____ Supplied entries

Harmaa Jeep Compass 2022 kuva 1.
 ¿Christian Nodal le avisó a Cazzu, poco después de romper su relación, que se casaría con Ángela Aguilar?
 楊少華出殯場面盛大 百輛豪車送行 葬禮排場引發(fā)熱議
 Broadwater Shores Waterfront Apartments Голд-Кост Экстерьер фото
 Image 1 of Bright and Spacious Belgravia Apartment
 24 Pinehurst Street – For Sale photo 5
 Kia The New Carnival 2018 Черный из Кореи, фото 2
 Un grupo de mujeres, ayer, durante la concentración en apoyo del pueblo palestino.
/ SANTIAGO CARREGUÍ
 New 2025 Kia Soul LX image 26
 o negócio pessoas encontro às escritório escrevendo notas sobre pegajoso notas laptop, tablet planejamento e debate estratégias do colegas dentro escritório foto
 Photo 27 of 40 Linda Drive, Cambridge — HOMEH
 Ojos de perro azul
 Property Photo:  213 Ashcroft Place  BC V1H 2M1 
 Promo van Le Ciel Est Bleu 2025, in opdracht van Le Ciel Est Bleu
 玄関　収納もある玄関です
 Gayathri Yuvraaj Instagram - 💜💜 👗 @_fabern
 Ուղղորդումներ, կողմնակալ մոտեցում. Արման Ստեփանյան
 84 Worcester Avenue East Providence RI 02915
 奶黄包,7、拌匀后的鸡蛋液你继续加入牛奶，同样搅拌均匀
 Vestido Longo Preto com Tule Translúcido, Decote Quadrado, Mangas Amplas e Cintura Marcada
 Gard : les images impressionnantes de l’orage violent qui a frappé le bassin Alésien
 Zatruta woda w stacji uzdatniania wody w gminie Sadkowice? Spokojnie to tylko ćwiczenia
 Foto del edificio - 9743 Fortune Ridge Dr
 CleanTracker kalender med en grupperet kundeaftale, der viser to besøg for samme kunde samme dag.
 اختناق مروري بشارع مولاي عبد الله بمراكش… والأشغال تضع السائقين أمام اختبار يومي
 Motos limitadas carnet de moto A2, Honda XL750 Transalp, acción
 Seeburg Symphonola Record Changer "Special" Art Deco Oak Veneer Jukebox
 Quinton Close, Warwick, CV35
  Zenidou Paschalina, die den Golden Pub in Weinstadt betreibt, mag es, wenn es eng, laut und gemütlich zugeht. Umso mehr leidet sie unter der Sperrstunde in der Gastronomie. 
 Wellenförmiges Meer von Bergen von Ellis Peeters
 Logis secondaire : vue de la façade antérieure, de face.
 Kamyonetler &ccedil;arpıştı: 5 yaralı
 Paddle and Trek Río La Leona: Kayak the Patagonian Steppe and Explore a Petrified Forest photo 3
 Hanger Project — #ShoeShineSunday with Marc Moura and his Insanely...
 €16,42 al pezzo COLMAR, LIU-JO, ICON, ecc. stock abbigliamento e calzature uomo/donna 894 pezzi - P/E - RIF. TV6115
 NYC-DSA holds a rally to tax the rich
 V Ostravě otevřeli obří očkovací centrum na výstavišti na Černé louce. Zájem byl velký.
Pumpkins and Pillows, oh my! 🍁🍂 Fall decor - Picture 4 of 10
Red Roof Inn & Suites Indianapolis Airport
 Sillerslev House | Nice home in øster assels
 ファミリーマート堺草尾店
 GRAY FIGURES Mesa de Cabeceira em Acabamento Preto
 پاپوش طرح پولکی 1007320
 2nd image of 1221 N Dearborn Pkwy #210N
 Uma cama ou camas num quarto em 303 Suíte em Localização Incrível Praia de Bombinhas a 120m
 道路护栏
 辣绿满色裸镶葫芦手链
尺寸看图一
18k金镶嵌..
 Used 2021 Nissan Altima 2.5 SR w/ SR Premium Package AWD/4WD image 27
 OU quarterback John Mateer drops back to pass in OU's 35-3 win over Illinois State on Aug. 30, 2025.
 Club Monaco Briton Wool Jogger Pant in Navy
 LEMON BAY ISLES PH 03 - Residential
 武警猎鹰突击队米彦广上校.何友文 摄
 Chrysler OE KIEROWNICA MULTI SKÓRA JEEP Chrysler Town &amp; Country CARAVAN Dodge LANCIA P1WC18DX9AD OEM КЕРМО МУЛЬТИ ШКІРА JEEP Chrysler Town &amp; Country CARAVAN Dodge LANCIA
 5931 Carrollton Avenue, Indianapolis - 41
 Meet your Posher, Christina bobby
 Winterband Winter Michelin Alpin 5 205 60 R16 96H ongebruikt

________

Task description ::
Write out, word for word, the line containing "Chrysler OE KIEROWNICA" and every line after it to the end of the data above.

Response to the exercise ::
 Chrysler OE KIEROWNICA MULTI SKÓRA JEEP Chrysler Town &amp; Country CARAVAN Dodge LANCIA P1WC18DX9AD OEM КЕРМО МУЛЬТИ ШКІРА JEEP Chrysler Town &amp; Country CARAVAN Dodge LANCIA
 5931 Carrollton Avenue, Indianapolis - 41
 Meet your Posher, Christina bobby
 Winterband Winter Michelin Alpin 5 205 60 R16 96H ongebruikt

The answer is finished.